Without including any pictures, give back all of the data exactly.

=== Begin Enclosure ===

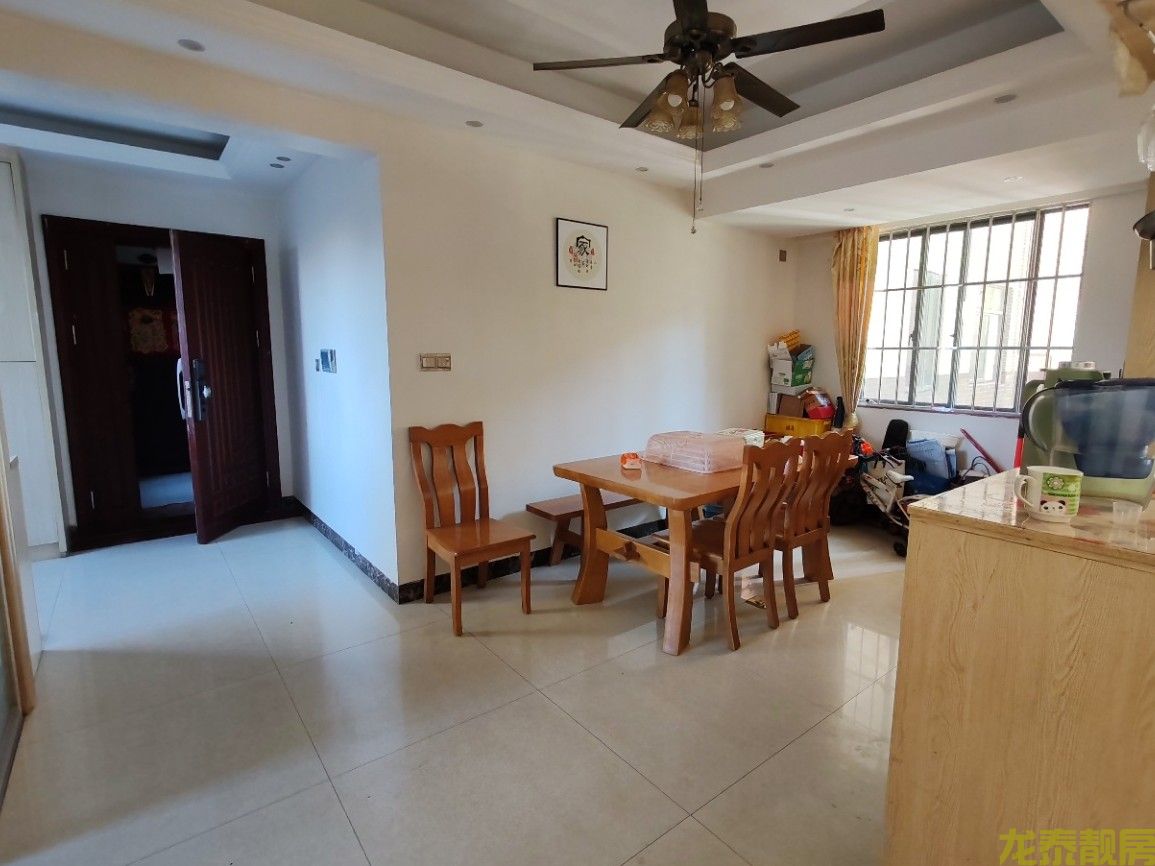 香槟壹号电梯南北对流精装三房送家私家电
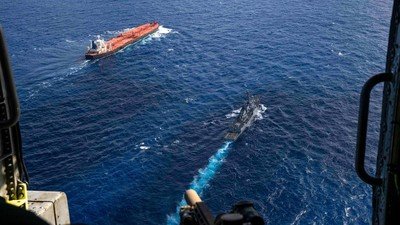 Militer AS Bajak Tanker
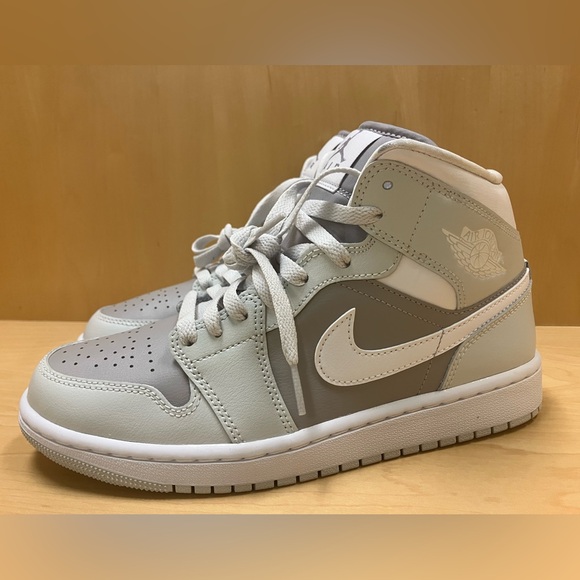 2025
Wmns Air Jordan 1 Mid 'Photon Dust Atmosphere Grey' - Picture 1 of 7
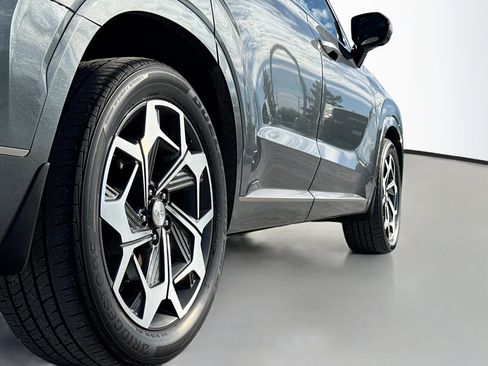 Used 2022 Hyundai Palisade Calligraphy image 13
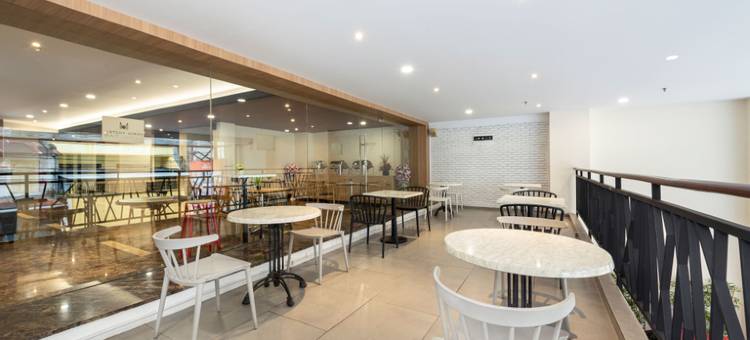 玛卡萨苏加诺哈达生活酒店(Life Hotel Soekarno Hatta Makassar)图片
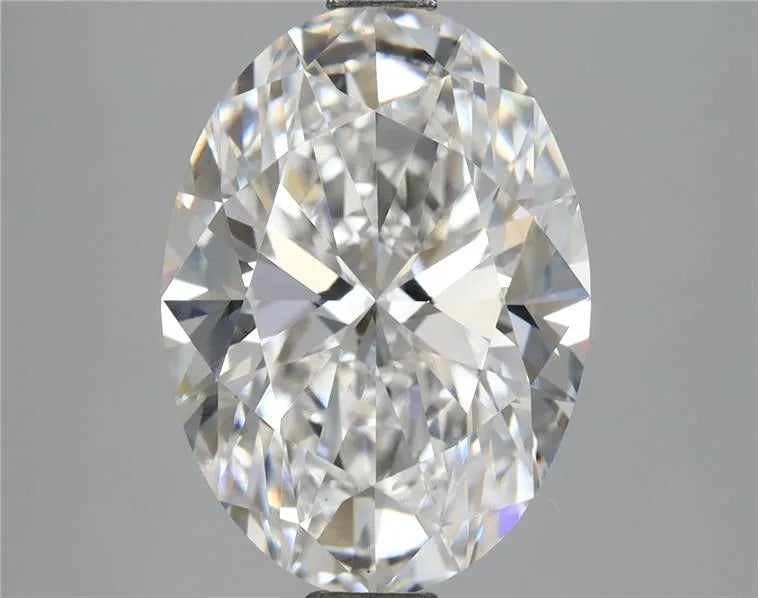 4.04ct Oval Lab Grown Diamond (Colour E, Clarity VVS2, IGI Certified)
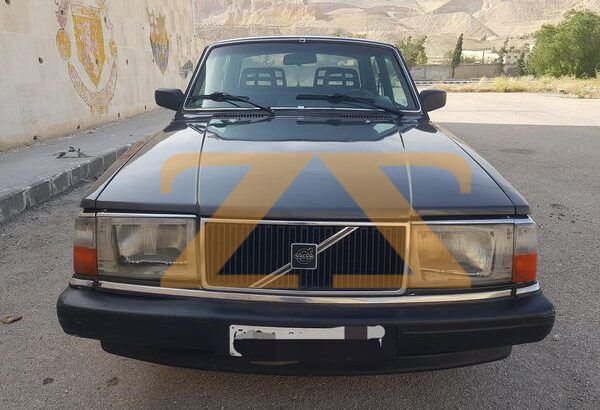 للبيع فولفو 240GL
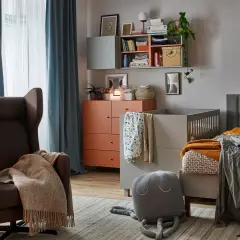 Przytulny kącik do przewijania z fotelem, komodą i łóżeczkiem. Miękka przytulanka w kształcie ośmiornicy czeka na maluszka.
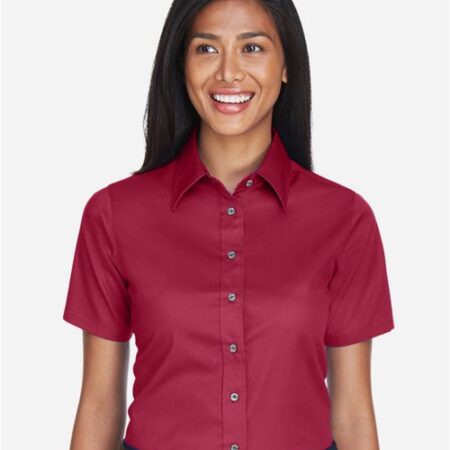 Women's Easy Blend™ Short Sleeve Twill Dress Shirt with Stain-Release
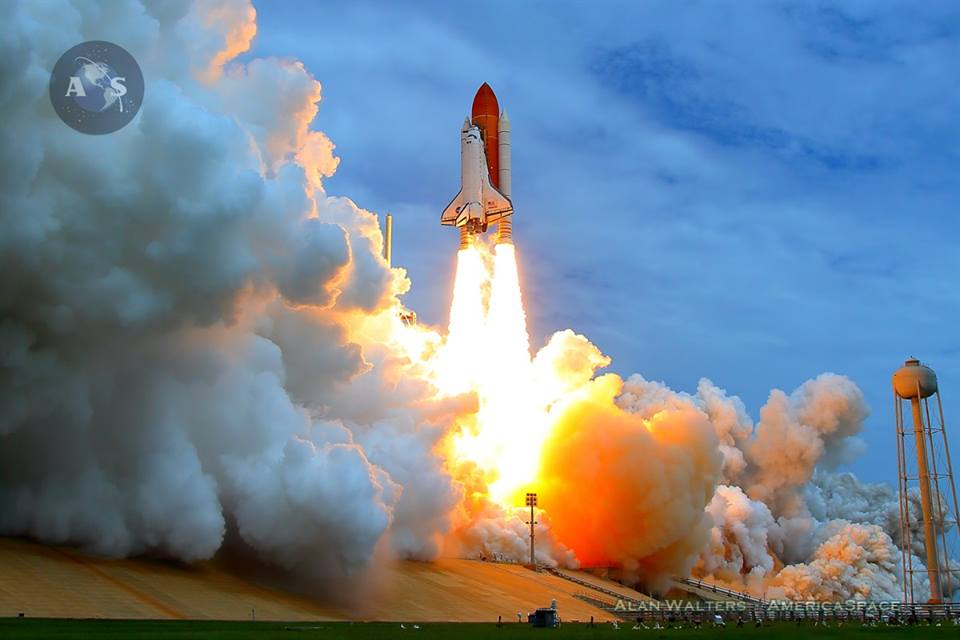 The final launch, Atlantis STS-135. Photo Credit: Alan Walters / AmericaSpace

=== End Enclosure ===

▸ **OUTPUT OF THE EXERCISE**:
 香槟壹号电梯南北对流精装三房送家私家电
 Militer AS Bajak Tanker
 2025
Wmns Air Jordan 1 Mid 'Photon Dust Atmosphere Grey' - Picture 1 of 7
 Used 2022 Hyundai Palisade Calligraphy image 13
 玛卡萨苏加诺哈达生活酒店(Life Hotel Soekarno Hatta Makassar)图片
 4.04ct Oval Lab Grown Diamond (Colour E, Clarity VVS2, IGI Certified)
 للبيع فولفو 240GL
 Przytulny kącik do przewijania z fotelem, komodą i łóżeczkiem. Miękka przytulanka w kształcie ośmiornicy czeka na maluszka.
 Women's Easy Blend™ Short Sleeve Twill Dress Shirt with Stain-Release
 The final launch, Atlantis STS-135. Photo Credit: Alan Walters / AmericaSpace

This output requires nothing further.